YOUR TASK:
Among the entries below, copy every line that carries the word "with".

MATERIAL FOR THE TASK:
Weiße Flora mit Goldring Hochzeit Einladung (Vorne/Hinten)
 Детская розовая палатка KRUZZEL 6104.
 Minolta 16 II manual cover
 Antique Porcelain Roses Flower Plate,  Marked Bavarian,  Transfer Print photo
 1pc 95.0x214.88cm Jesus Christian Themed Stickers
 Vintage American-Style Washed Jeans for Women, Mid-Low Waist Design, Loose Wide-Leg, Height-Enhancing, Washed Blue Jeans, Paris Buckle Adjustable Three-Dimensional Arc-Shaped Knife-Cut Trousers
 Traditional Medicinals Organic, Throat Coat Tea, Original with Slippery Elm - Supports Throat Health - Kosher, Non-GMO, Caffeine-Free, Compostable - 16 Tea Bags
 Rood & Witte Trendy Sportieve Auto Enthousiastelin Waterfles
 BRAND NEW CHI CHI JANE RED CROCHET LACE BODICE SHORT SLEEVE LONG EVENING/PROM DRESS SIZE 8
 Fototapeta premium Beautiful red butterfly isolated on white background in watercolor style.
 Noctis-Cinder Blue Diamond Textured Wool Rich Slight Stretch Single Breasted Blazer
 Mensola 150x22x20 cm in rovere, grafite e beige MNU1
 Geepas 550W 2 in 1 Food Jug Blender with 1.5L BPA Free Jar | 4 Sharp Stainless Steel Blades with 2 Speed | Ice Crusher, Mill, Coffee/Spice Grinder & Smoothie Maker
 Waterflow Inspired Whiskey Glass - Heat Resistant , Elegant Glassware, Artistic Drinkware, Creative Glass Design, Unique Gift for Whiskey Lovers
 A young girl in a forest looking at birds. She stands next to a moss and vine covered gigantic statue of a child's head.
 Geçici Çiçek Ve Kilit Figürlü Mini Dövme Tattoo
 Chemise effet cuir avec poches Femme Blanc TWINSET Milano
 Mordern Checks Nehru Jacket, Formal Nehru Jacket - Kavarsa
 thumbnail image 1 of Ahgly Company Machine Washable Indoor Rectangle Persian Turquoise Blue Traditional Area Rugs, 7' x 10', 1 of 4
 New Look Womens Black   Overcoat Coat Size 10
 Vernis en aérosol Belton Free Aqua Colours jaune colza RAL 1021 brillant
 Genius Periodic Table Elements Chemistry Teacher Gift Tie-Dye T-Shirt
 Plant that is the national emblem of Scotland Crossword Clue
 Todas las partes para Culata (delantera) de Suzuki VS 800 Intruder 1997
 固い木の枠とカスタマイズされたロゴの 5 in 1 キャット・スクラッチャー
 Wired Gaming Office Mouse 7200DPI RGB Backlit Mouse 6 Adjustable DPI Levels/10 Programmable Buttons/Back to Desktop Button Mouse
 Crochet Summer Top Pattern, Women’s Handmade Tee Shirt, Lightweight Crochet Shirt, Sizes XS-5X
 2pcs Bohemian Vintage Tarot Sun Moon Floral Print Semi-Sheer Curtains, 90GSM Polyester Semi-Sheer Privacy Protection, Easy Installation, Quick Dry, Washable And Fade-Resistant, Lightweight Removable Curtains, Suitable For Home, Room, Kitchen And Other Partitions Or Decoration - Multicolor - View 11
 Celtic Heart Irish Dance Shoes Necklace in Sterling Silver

FINISHED TASK:
 Traditional Medicinals Organic, Throat Coat Tea, Original with Slippery Elm - Supports Throat Health - Kosher, Non-GMO, Caffeine-Free, Compostable - 16 Tea Bags
 Geepas 550W 2 in 1 Food Jug Blender with 1.5L BPA Free Jar | 4 Sharp Stainless Steel Blades with 2 Speed | Ice Crusher, Mill, Coffee/Spice Grinder & Smoothie Maker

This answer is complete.